Unit 5 - Human Development and Diversity Flashcards
What is the Human Development Index?
- a composite measure of development including life expectancy, mean years of education and income adjusted to local living cost, so high purchasing power
What is the Gender Inequality Index?
- measures gender inequalities, looking at reproductive health, gender empowerment and economic status
What have UN Women and UN Global Compact developed?

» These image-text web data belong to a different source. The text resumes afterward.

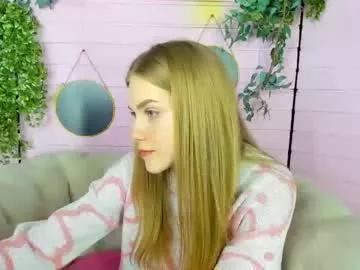 Discover common_room from Chaturbate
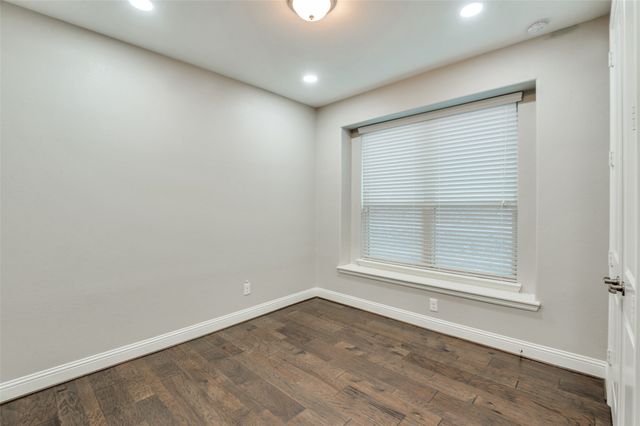 8042 Acoma Lane, Dallas, TX 75252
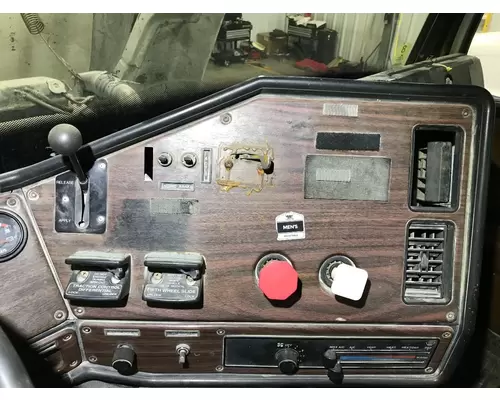 Freightliner FLC112 Dash Panel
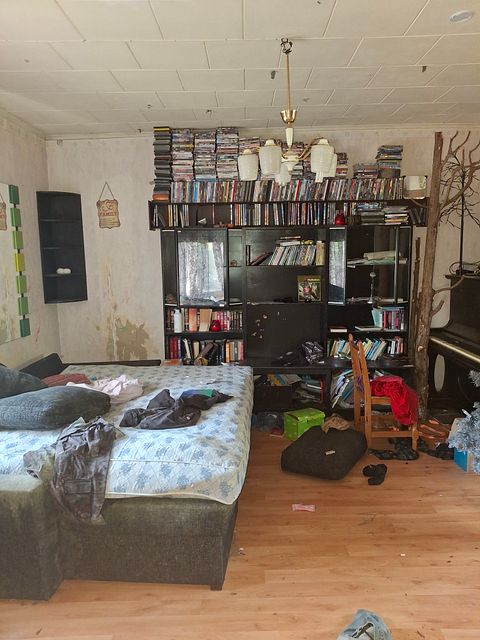 Image 14/40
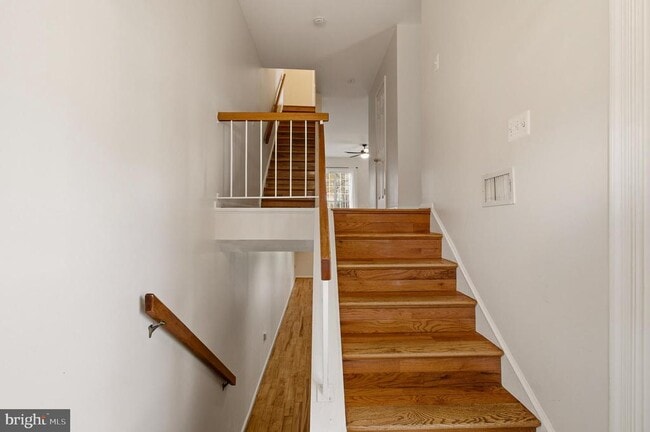 Building Photo - 7393 Swan Point Way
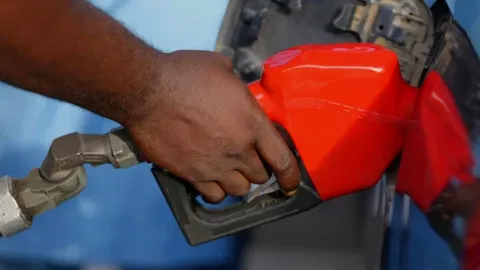 Desafíos de la Escasez de Combustible en África ante el Conflicto Global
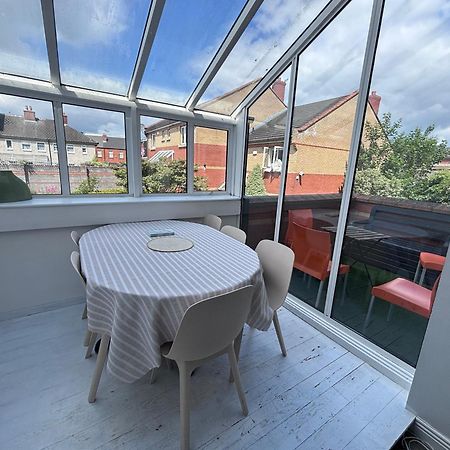 Central, Comfortable And Spacious 4 Bed Duplex Δουβλίνο Εξωτερικό φωτογραφία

- Women’s Empowerment Principles:
- establish corporate leadership for gender equality
- treat all women and men fairly at work
- ensure the health, safety and well-being of all workers
- promote education, training and professional development for women
- promote equality through community initiatives
- measure and report on progress to achieve gender equality
What is culture?
- the way of life of a particular society or group of people
- includes beliefs, behaviours, customs, traditions, rituals, dress, language, art, music, sport and literature
What is cultural imperialism?
- when one culture defeats another and force its beliefs and customs on to the conquered people
What is cultural diffusion?
- the spread of cultural traits, occurs when two cultures intermingle
What is a diaspora?
- dispersal of a population formerly concentrated in one place
What are the advantages of globalised production for local commercial production?
- Producer: increased market access and sales, possibly more farm-gate sales
- Consumer: fresh food, local products “in season”, reduced air miles, smaller carbon footprint
- Local economy: improved local farming economy, multiplier effects
What are the advantages of globalised production for globalised production?

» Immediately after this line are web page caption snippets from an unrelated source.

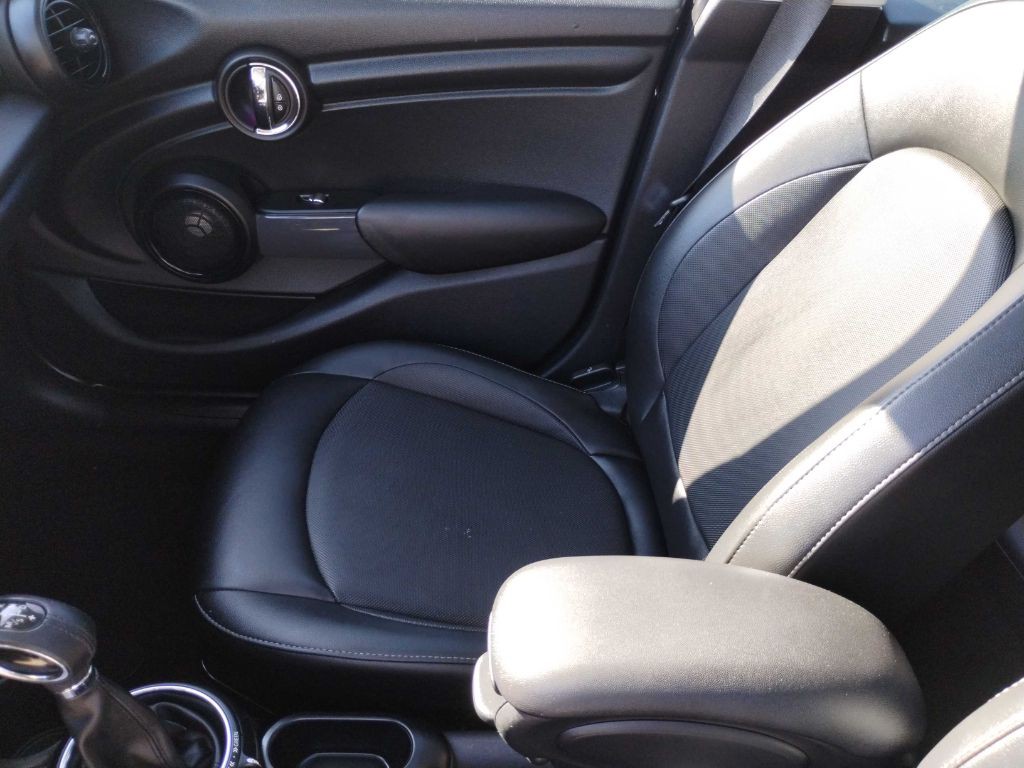 2015 MINI Cooper Image 9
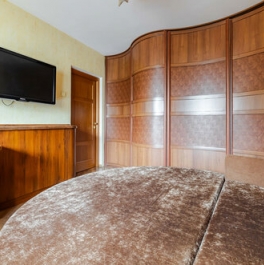 Продажа 2-комн квартиры на вторичном рынке Пулковское шоссе,  д. 40 к3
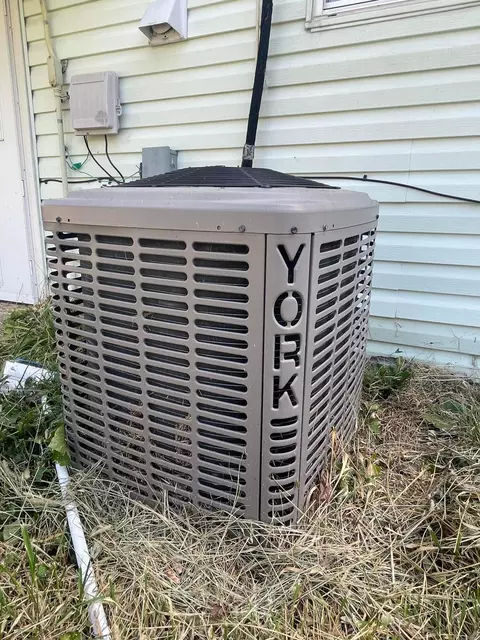 Exterior - 931 Antwerp Rd, Columbus, OH 43213 photo 5 of 5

- Producer: ability to produce foods cheaply and to a uniform standard
- Consumer: cheap food available year round, all types of products available year round, competition between producers keeps main costs down
- Local economy: may be able to provide large amounts of a single product to a major TNC, specialisation allows intensification and increased production
What are the costs of globalised production for local commercial production?
- Producer: increasing cost of oil makes cost of input higher, greater emphasis on quality may make production less profitable
- Consumer: higher cost of local farm products, less choice “out of season”
- Local economy: cost of subsides to maintain farming
What are the costs of globalised production for globalised production?
- Producer: increased air miles, higher costs of inputs, profit margins increasing squeezed
- Consumer: increased costs are likely to be passed on to the consumer, indirect costs such as pollution control, declining water quality, soil erosion and eutrophication of streams
- Local economy: undercuts local farmers who may quit farming, producers are vulnerable to changes in demand and are at the mercy of TNCs
What are some reasons for the rise of anti-immigration?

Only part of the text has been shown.